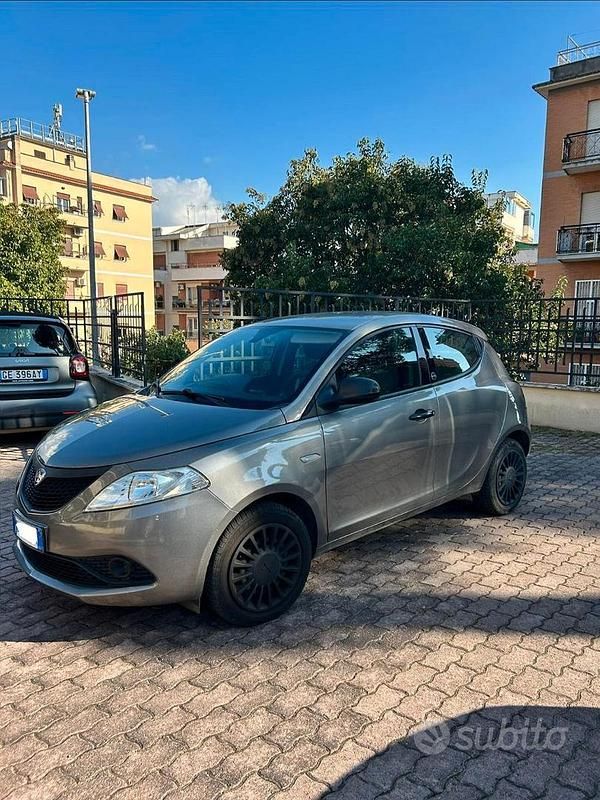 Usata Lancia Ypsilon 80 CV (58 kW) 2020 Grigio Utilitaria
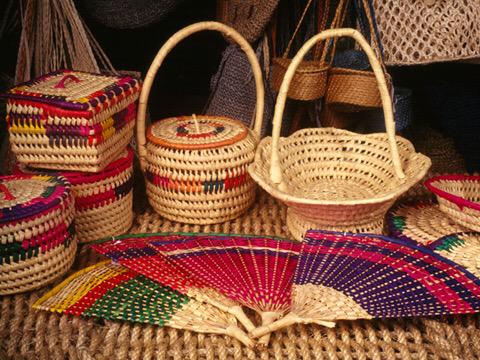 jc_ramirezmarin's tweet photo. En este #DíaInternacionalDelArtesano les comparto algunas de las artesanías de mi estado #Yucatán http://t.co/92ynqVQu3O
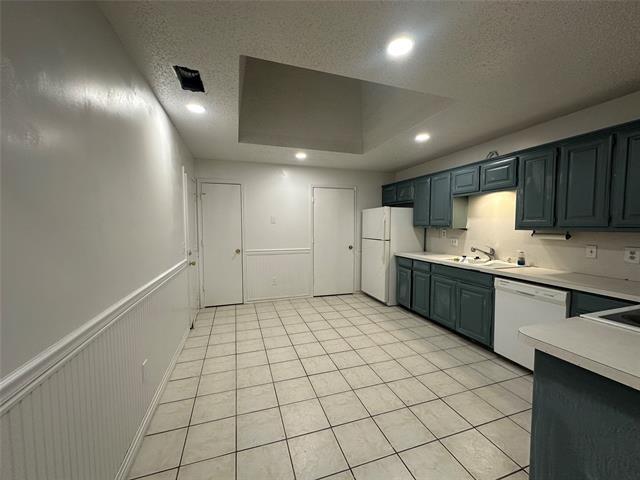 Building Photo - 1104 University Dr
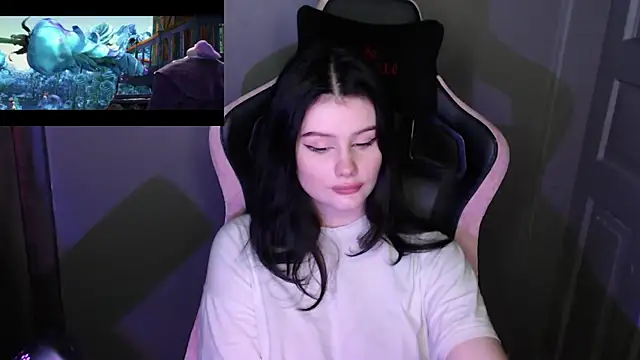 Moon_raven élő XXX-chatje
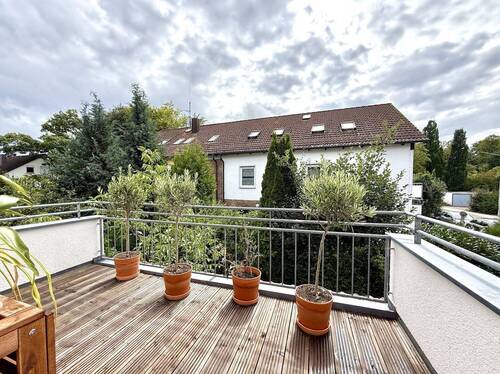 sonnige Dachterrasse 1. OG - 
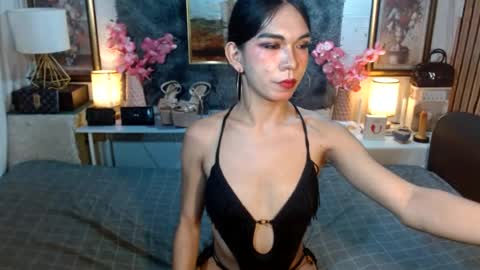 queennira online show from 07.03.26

-*-*-

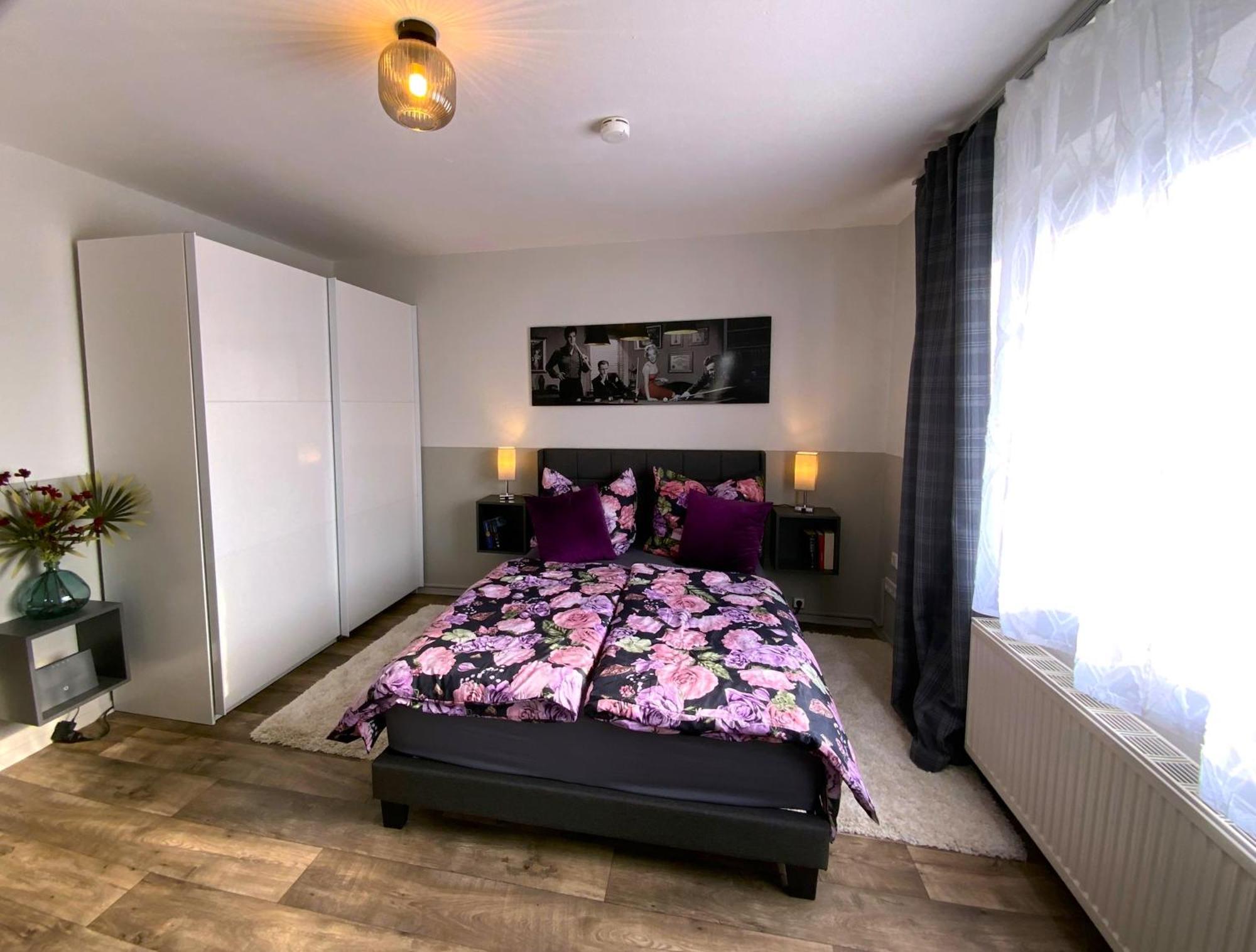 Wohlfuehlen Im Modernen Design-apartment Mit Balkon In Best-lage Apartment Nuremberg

-*-*-

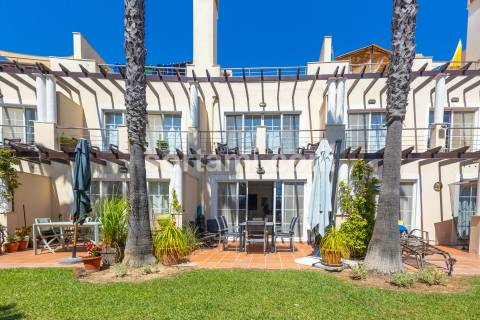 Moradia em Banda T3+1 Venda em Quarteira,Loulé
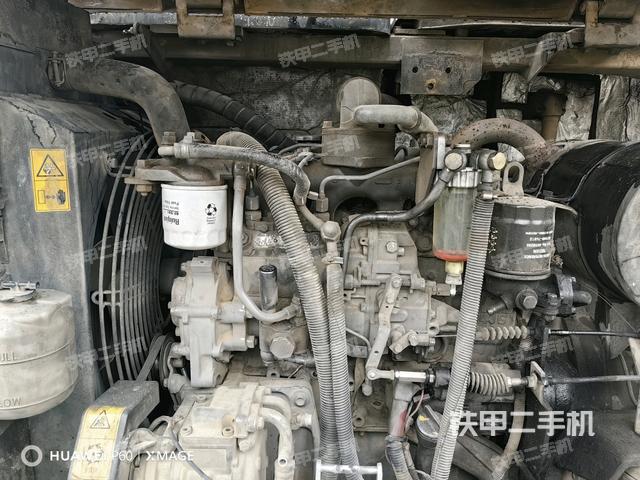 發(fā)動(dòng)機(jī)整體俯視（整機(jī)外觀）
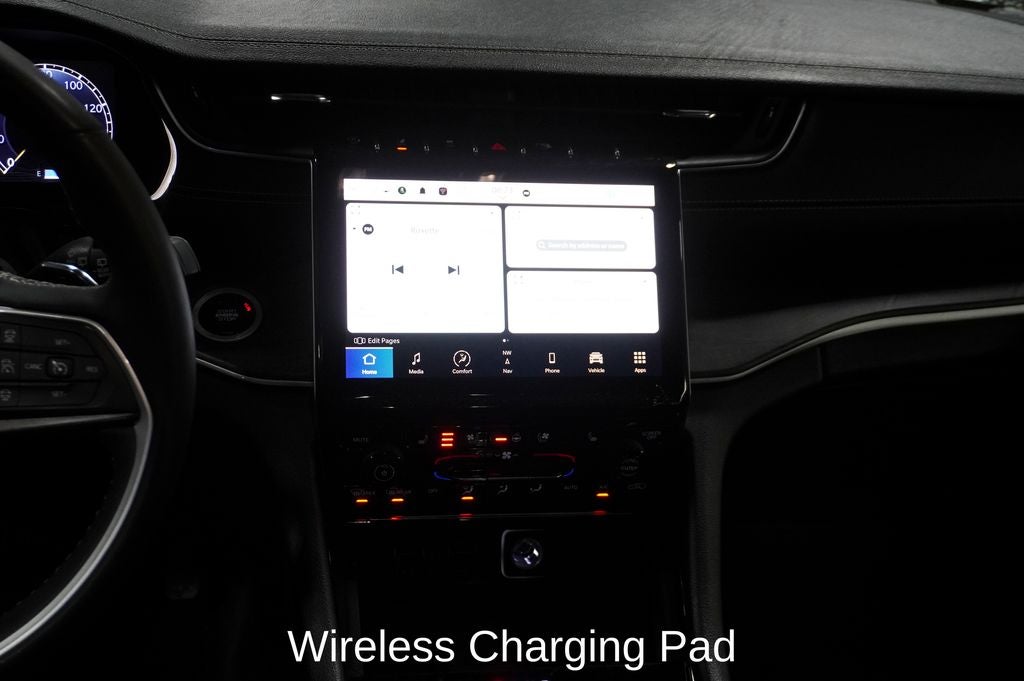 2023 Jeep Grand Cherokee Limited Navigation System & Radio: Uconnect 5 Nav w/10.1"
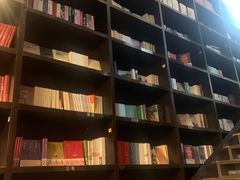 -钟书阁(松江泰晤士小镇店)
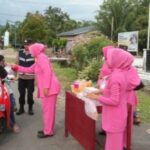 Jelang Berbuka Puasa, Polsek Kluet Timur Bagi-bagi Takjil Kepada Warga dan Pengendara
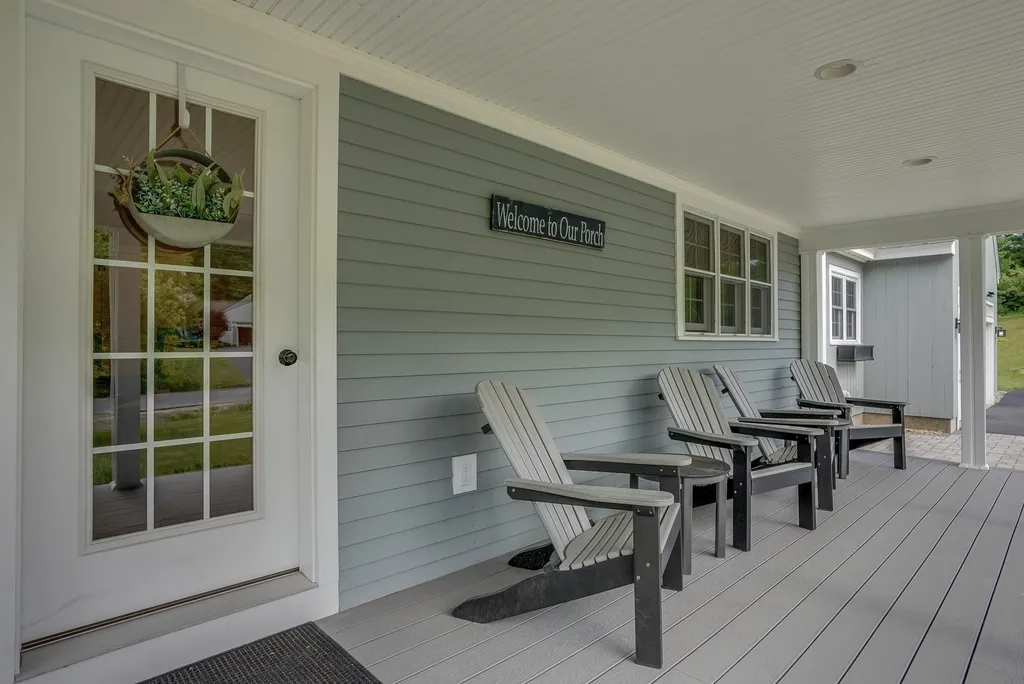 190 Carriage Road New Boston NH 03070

-*-*-

§ Task to complete:
In the entries above, find the line containing "2023 Jeep Grand" and the line containing "190 Carriage Road New Boston NH 03070", then copy both and every line between them exactly, without any picture.

§ Your solution:
 2023 Jeep Grand Cherokee Limited Navigation System & Radio: Uconnect 5 Nav w/10.1"
 -钟书阁(松江泰晤士小镇店)
 Jelang Berbuka Puasa, Polsek Kluet Timur Bagi-bagi Takjil Kepada Warga dan Pengendara
 190 Carriage Road New Boston NH 03070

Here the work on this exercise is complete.